/PTT5

Repository for training T5 to portuguese.

Primary LanguageShellMIT LicenseMIT

PTT5

Pre-training and validating the T5 transformer in Brazilian Portuguese data

Citation

We are preparing an arXiv submission and soon will provide a citation. For now, if you need to cite use:

@misc{ptt5_2020,
  Author = {Diedre Carmo, Marcos Piau, Israel Campiotti, Rodrigo Nogueira, Roberto Lotufo},
  Title = {PTT5: Pre-training and validating the T5 transformer in Brazilian Portuguese data},
  Year = {2020},
  Publisher = {GitHub},
  Journal = {GitHub repository},
  Howpublished = {\url{https://github.com/dl4nlp-rg/PTT5}}
}

How to use PTT5:

Weight downloads:

Tamanho Vocab Epoch Link
Base T5 4 https://www.dropbox.com/s/pu18znurr6vqbio/ptt5-4epoch-standard-vocab-base-1229941.pth?dl=0
Base custom PT 4 https://www.dropbox.com/s/y0a1ea02bivjt60/ptt5-custom-vocab-base-1229942.pth?dl=0
Large T5 4 https://www.dropbox.com/s/7btqekm7mfysdeb/ptt5-standard-vocab-large-1461673.pth?dl=0
Large custom PT 4 https://www.dropbox.com/s/20zxpgz7guurn33/ptt5-custom-vocab-large-1460784.pth?dl=0
Large custom PT 2 https://www.dropbox.com/s/jchdt8s5iazko8l/ptt5-2poch-custom-vocab-large-1230742.pth?dl=0

Soon we will make our model available in HuggingFace.

Loading weights

Get the config files in: assin/T5_configs_json

Example loading with T5ForConditionalGeneration, ckpt_path is the path to the .pth weigh.:

from transformers import PretrainedConfig, T5ForConditionalGeneration

config = PretrainedConfig.from_json_file(config_path)
state_dict = torch.load(ckpt_path)

self.t5 = T5ForConditionalGeneration.from_pretrained(pretrained_model_name_or_path=None,
                                                     config=config,
                                                     state_dict=state_dict)

Load PT custom vocab

To load the custom vocabulary use the .model in: assin/custom_vocab/spm_32000_unigram Example loading vocabulary:

import sentencepiece as spm
from transformers import T5Tokenizer

def get_custom_vocab():
    # Path to SentencePiece model
    SP_MODEL_PATH = 'custom_vocab/spm_32000_unigram/spm_32000_pt.model'

    # Loading on sentencepiece
    sp = spm.SentencePieceProcessor()
    sp.load(SP_MODEL_PATH)

    # Loading o HuggingFace
    return T5Tokenizer.from_pretrained(SP_MODEL_PATH)

Folders

assin

Code related to ASSIN fine-tuning, validation and testing, including making plots and data.
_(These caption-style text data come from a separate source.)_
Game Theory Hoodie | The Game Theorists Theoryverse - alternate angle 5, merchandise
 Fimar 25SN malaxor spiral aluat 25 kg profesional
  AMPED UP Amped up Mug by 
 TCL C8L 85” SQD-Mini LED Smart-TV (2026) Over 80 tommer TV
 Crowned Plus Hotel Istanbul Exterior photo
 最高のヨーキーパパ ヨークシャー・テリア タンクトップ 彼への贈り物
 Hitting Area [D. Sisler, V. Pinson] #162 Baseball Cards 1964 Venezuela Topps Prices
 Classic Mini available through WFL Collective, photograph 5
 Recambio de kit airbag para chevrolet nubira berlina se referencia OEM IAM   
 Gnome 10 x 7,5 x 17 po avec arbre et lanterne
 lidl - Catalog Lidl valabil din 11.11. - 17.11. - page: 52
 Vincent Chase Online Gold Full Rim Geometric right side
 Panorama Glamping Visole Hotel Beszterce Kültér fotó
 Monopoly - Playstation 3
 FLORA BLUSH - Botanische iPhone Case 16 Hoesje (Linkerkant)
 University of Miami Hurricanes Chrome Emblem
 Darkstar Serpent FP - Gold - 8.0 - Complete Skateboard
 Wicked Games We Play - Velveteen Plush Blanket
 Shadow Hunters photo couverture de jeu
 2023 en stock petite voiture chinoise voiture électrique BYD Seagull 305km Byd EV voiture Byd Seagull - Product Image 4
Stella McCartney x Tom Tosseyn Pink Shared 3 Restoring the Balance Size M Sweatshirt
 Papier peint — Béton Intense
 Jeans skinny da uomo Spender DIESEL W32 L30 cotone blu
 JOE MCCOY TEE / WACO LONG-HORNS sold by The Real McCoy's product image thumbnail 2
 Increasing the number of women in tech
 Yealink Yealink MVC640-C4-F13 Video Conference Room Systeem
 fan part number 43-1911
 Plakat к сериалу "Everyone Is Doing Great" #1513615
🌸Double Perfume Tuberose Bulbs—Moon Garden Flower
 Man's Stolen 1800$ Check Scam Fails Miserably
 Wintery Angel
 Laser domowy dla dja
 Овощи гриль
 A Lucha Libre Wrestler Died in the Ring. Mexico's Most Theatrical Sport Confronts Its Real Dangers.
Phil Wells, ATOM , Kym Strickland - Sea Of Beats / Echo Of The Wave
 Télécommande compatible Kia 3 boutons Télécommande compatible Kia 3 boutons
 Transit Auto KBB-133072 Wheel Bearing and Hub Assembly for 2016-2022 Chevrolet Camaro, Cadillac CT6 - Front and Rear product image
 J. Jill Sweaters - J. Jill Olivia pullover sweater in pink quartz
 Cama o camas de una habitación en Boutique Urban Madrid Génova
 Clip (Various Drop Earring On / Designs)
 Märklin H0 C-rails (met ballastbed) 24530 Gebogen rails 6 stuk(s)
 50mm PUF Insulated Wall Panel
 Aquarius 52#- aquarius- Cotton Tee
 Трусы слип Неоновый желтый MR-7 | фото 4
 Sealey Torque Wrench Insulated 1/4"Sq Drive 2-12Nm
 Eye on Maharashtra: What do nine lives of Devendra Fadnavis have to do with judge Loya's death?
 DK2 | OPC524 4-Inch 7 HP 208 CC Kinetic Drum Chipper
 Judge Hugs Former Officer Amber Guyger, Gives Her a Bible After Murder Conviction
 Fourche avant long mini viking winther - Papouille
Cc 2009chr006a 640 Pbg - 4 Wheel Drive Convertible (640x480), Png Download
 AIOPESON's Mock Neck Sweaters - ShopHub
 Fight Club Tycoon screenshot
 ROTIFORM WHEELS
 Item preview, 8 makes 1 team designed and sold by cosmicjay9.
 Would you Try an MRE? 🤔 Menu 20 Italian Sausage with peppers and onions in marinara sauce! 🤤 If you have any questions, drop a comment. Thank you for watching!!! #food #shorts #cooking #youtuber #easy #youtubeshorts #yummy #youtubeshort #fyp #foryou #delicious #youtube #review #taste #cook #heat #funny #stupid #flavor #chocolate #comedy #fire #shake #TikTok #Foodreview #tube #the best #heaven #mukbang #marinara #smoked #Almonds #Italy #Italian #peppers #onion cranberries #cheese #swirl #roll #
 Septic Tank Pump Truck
Original data source: https://sites.google.com/view/assin2/

brwac

Copy of the notebook which processed the BrWac original data on Google Colaboratory. The original data can be downloaded on https://www.inf.ufrgs.br/pln/wiki/index.php?title=BrWaC

pretraining

Scripts and code related to using Google Cloud TPUs for pre-training and making plots.

utils

Some utility code.

vocab

Code related to the creation of the custom Portuguese vocabulary.

Acknowledgement

This work was developed as the final project for the IA376E course taught by Professors Rodrigo Souza and Roberto Lotufo at the State University of Campinas (UNICAMP).